This article provides a general introduction to the digital twin. We also discuss the process of converting MEP models to digital twins using Internet of Things (IoT) devices—specifically, how to connect MEP models and sensors together using cloud technology, Dynamo, and Revit 2020 software. Also, we will show how to visualize IoT live data with BI dashboards to increase awareness of how people use buildings and to enhance the maintenance process of buildings. Learn how to bring MEP models to life as digital twins, comply with client needs, and make the built environment more sustainable.

What Is a Digital Twin?

"Digital twin is a set of virtual information constructs that fully describes a potential or actual physical manufactured product from the micro atomic level to the macro geometrical level." —Michael Grievers

The AEC industry is slowly catching up with the aerospace and manufacturing industries when it comes to digital twins. This has been used extensively for prototyping new products, and verifying production line performance, and the performance of physical objects and systems. It has not been used widely within the AEC industry until very recently. With the increase of the available IoT sensors and the desire for more data from assets for verifying performance, digital twins have become more common.

Within the next few years there will be over 20 billion connected sensors and potentially billions of connected objects. The number of organizations using digital twins will triple by 2022. Gartner placed digital twins at the top of their Hype Cycle for Emerging Technologies in 2018 with a forecasted peak in 5 to 10 years.

lifecycle

Historically, the only way to gain knowledge of buildings was to have direct physical contact with the building itself. All the data about the building and its performance was directly contained within the building. The data about the buildings has been stored in static documentation formats such as paper or computer files. Digital twins build the bridge between the physical and digital worlds to allow for data to flow in real time or near-real time, so the data becomes alive.

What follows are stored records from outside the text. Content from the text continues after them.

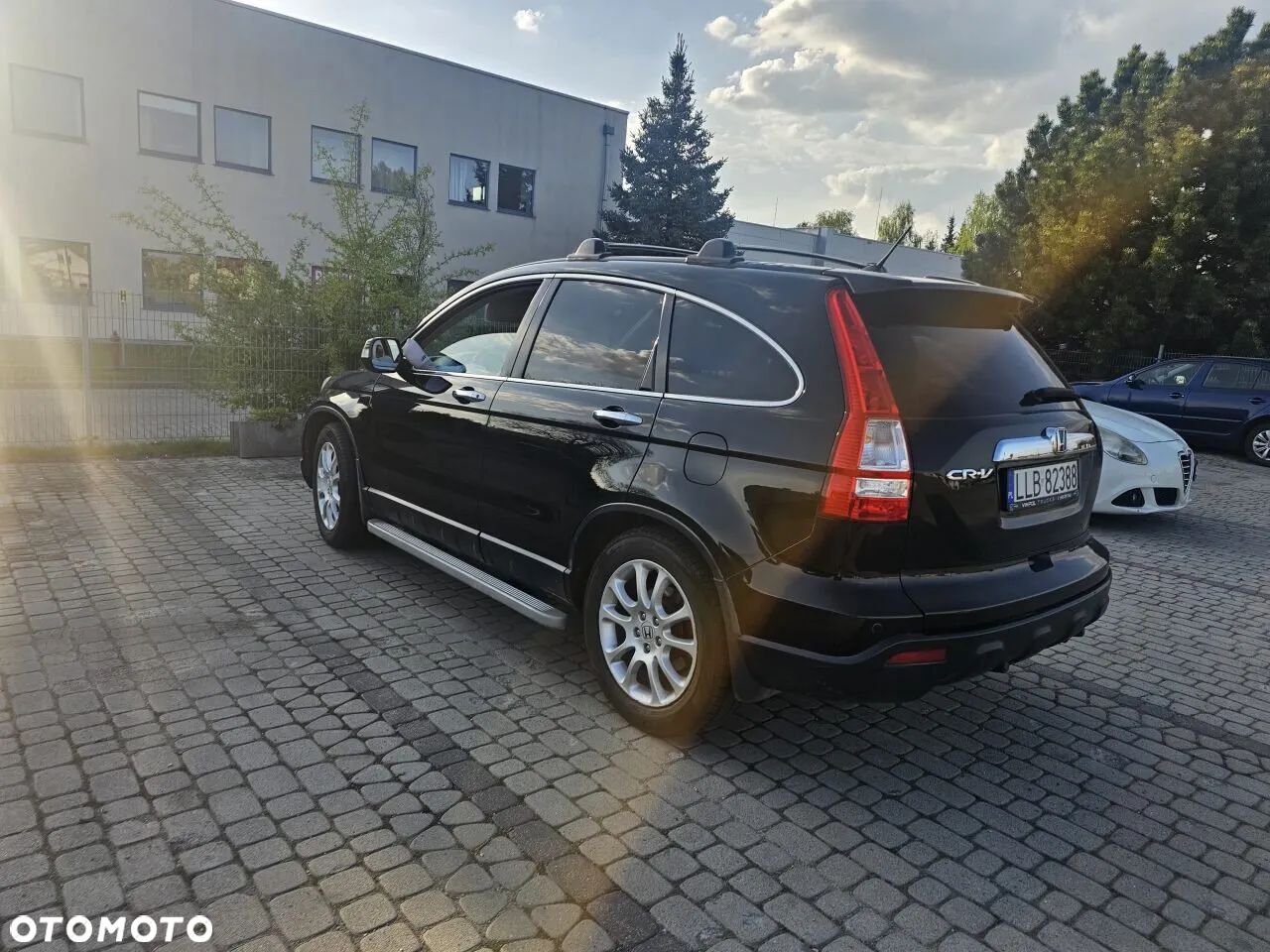Honda CR-V 2.2i-CTDi Elegance S&L - 1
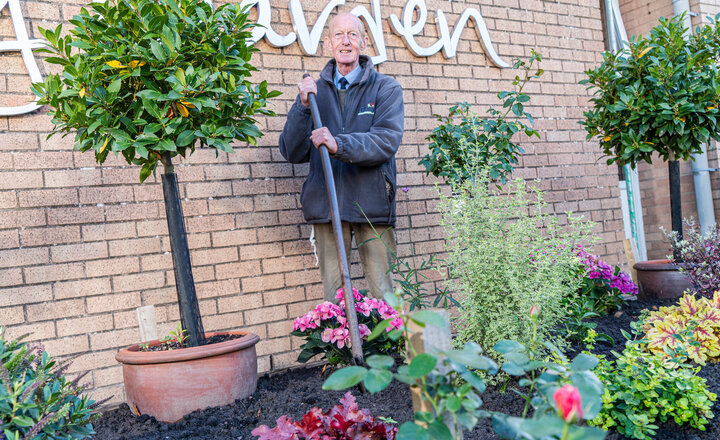 Image of Mr Farron's Compost Corner - Autumn Update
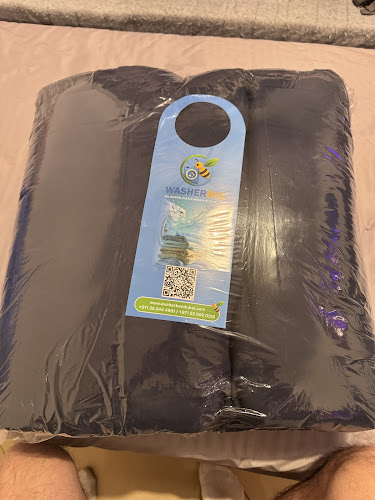 WasherBee Laundry in Dubai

The digital twin concept was first noted in 2002 by Michael Grieves at the University of Michigan as part of Product Lifecycle Management (PLM). His idea was the real space and virtual space worlds would be linked throughout the lifecycle of the system. Initially it was known as a Mirrored Spaces Model. Later, it was known as a Mirrored Information Model before being known as digital twin.

Digital twin is described as the bi-directional flow of data between “virtual space” (the digital representation) and “real space” (the physical asset). The data then needs to be accessible in real time or near-real time to build a complete digital picture of the physical asset.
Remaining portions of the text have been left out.